But in the first example it is treated in the mode of continuity
(1a) as part of the subject (1b) while in the second example it
is treated in the mode of difference (2a) as an exterior (2b).
The addition - something additional - must be external, is an
external spacing of the subject. It is an external spacing of
the subject, but it remains being something different.
The consequences of this tiny shift towards a concept of addition
are both interesting and significant. The continuity that marked
the relation of technology in the model of appropriation - the
perfect integration - is replaced by the difference. It is this
difference, which binds the two together. With the model of addition
structured by difference we could actually find a connection to
post-modern theory. But again we have to consider a shift. Post-modern
theory links the activity of the technology to the constitution
of the human. But does the technology therefore necessarily have
to be hierarchical? Do we have to follow the myth of creation
and link the constitution of something necessarily to the active
subject, which produces the object? Do we really need an engineer?
Again we exchange a specific part of the protocol from constituting
humanity by the active subject technology (1) to constituting
humanity by being its other (2). Sounds a little bit cryptic,
but let me explain. While in the first concept technology is producing
the human in a hierarchical relation (1a) subject-bound (1b) in
the mode of an creator and his creation (1b) - like the typewriter
producing the author - in the second concept technology is constituting
the human in the balanced relation of difference (2a) by being
its other (2b).

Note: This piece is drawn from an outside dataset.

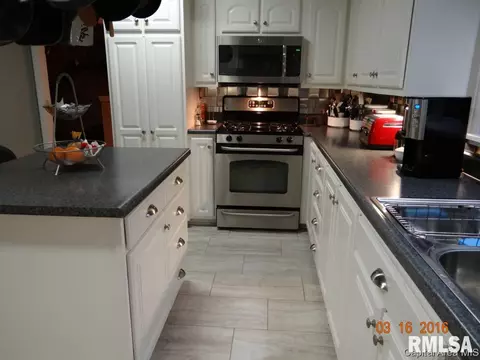 2008 Parkview, Springfield, IL 62704 photo 5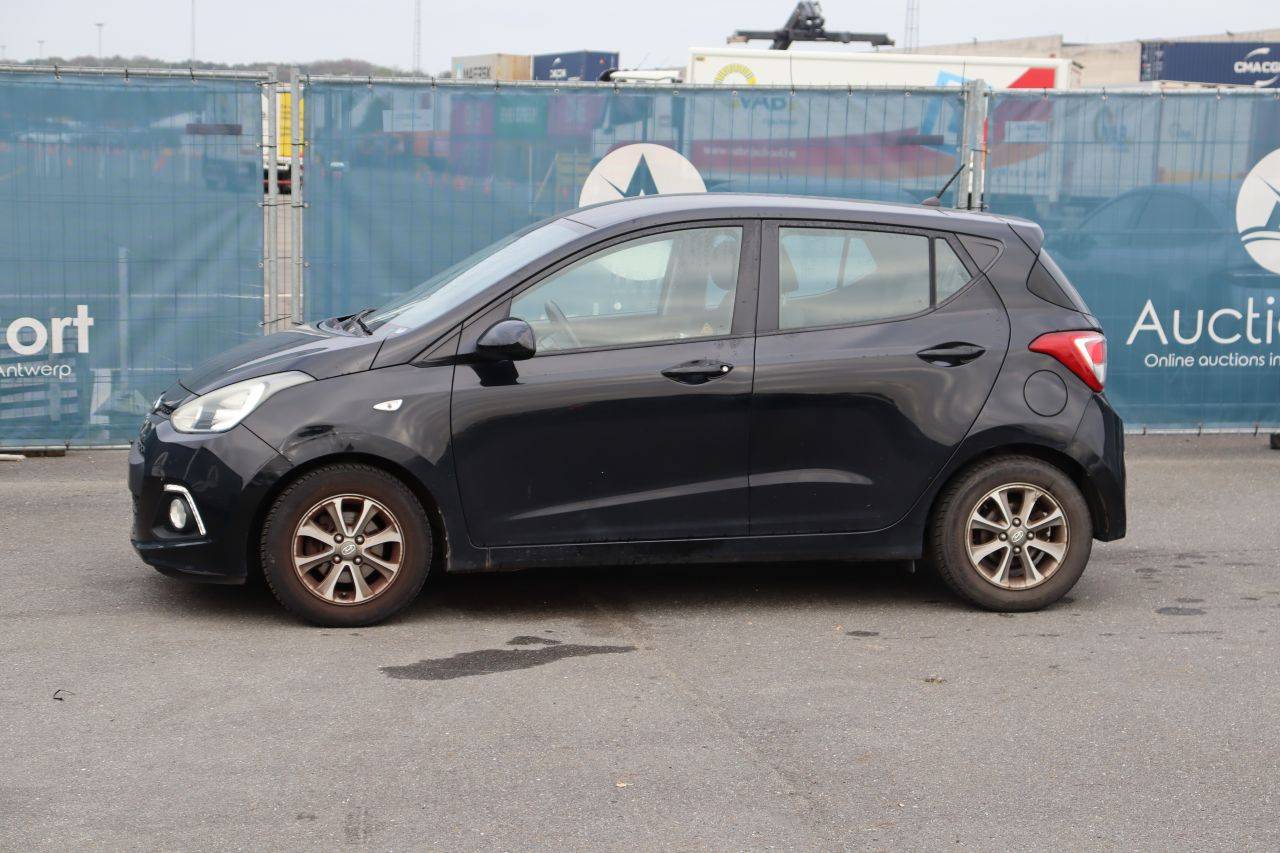 Hyundai i10 Petrol 66hp Passenger Car 2015 (Margin)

This second concept of difference rises on the
assumption that there can never be one without the other. Every
constitution needs the trace of a difference - difference is the
condition for identification, for identity, for unity, because
one can only be identified simultaneously with the other. Being
- one concludes - is digital, at least. Technology then is not
anymore an active subject, producing humanity. Technology is the
formation of a difference. As the other side of humanity and in
its characteristic of being the other, it is constituting the
human. So technology constitutes a human subject by being its
imprint.
VII. But we do not have two theories
But we do not have two theories, which operate with the same
terms, share the attitude of their constellations and therefore
step next to each other. We do not have two different, two opposing
opinions that we smoothed, because we never really had two diverse
points of views. Their relation is complementary. Right from the
beginning - and one could analyse that even historically, I suppose
- right from the beginning both theories, the modern and the post-modern
one, have existed simultaneously.
The boundary between the human subject and technology is organized
by a double crossing, because technology is at the same time an
external spacing of the subject and the difference that constitutes
it. It is exactly this double crossing, the formation of the boundary,
the consistency of the "and", that marks the political
zone of the constellation. It can be applied not only to technology
but to all forms of extensions - copyright, property, memories,
identities, data and so forth. One could construct a differential
typology of forms of double crossings, but it would be the context
of a form that would define its political impact. Exactly because
of this Donna Haraway was right. Nothing these days is more important
than to take "pleasure in the confusion of boundaries and
(...) responsibility in their construction".